BEGIN Data to examine
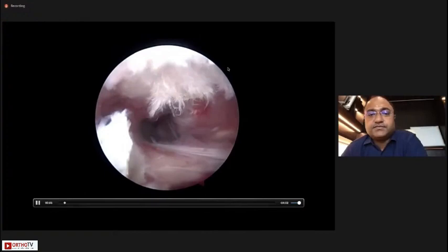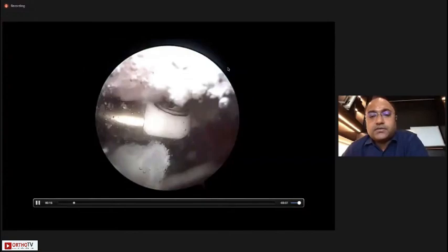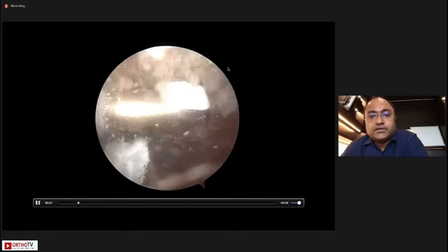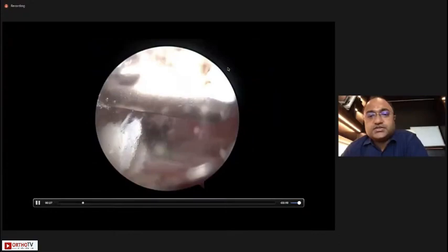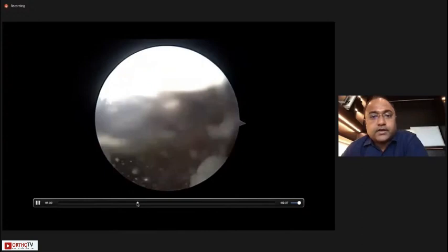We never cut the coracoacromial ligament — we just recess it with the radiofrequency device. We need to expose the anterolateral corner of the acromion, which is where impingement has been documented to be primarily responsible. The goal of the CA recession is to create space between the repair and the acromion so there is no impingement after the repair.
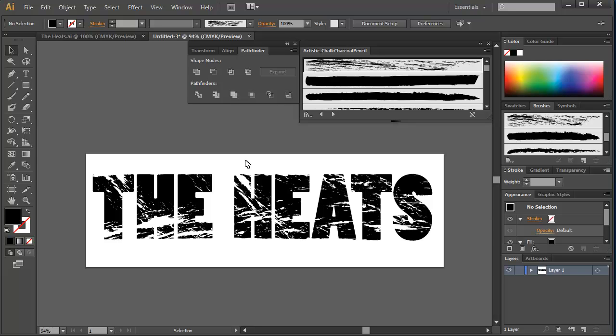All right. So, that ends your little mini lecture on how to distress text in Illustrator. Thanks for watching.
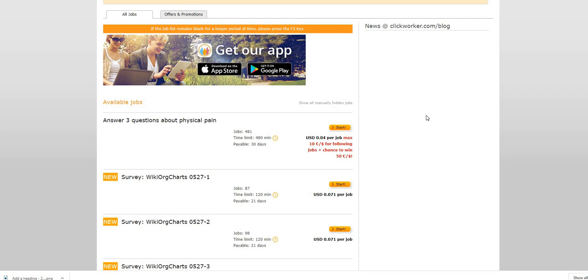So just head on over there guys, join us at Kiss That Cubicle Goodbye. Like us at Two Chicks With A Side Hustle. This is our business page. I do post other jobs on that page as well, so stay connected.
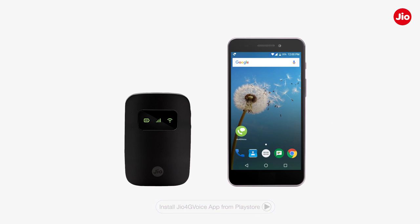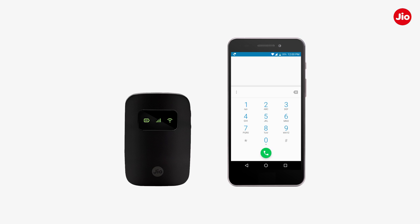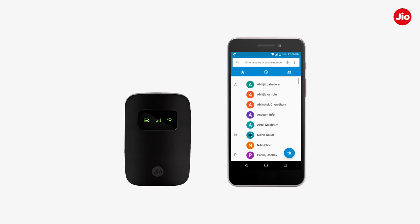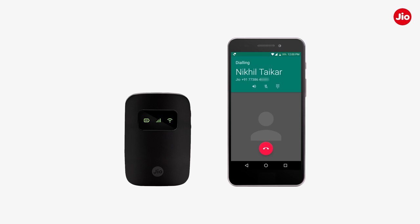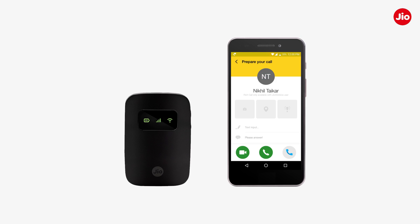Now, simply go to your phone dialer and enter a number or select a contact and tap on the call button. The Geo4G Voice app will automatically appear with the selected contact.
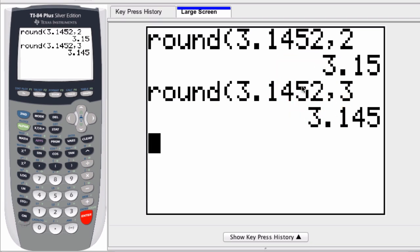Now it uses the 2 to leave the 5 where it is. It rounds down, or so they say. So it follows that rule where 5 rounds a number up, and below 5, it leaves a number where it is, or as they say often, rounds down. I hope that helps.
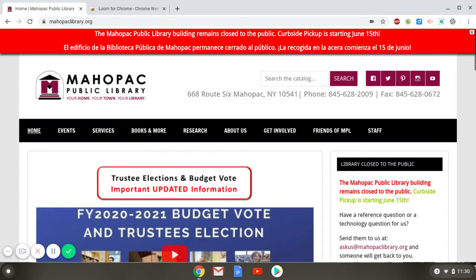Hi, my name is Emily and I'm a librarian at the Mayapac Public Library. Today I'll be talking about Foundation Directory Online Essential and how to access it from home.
END Data to examine
### Exercise requirements:
In the entries above, which lines run from the one with "All right. So, that" up to and including the one with "So just head"? Write them out exactly, without the pictures.

### Response:
All right. So, that ends your little mini lecture on how to distress text in Illustrator. Thanks for watching.
So just head on over there guys, join us at Kiss That Cubicle Goodbye. Like us at Two Chicks With A Side Hustle. This is our business page. I do post other jobs on that page as well, so stay connected.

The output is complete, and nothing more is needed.